### WORK REQUEST
Please give the listing again in full, leaving out its images.

### DATASET EXTRACT
---+---

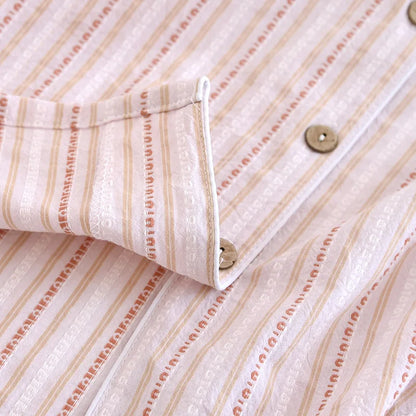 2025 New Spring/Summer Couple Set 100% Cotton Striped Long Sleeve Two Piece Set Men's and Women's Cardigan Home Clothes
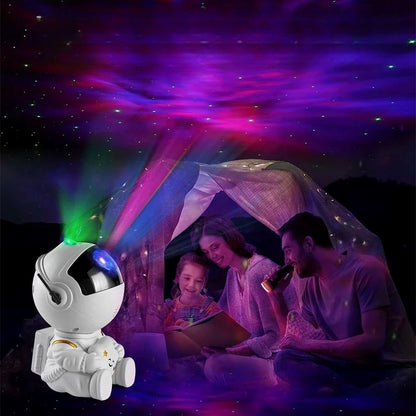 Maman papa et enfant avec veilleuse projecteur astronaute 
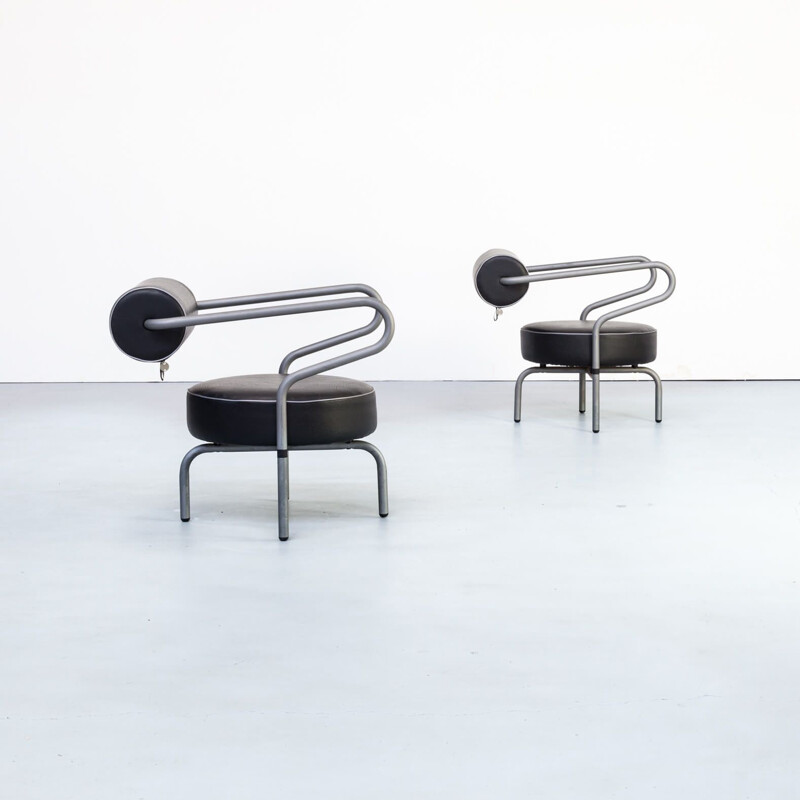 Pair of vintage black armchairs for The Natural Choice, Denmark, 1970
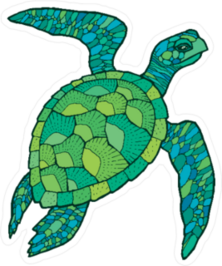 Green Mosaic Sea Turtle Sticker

---+---

### RESPONSE TO THE EXERCISE
 2025 New Spring/Summer Couple Set 100% Cotton Striped Long Sleeve Two Piece Set Men's and Women's Cardigan Home Clothes
 Maman papa et enfant avec veilleuse projecteur astronaute 
 Pair of vintage black armchairs for The Natural Choice, Denmark, 1970
 Green Mosaic Sea Turtle Sticker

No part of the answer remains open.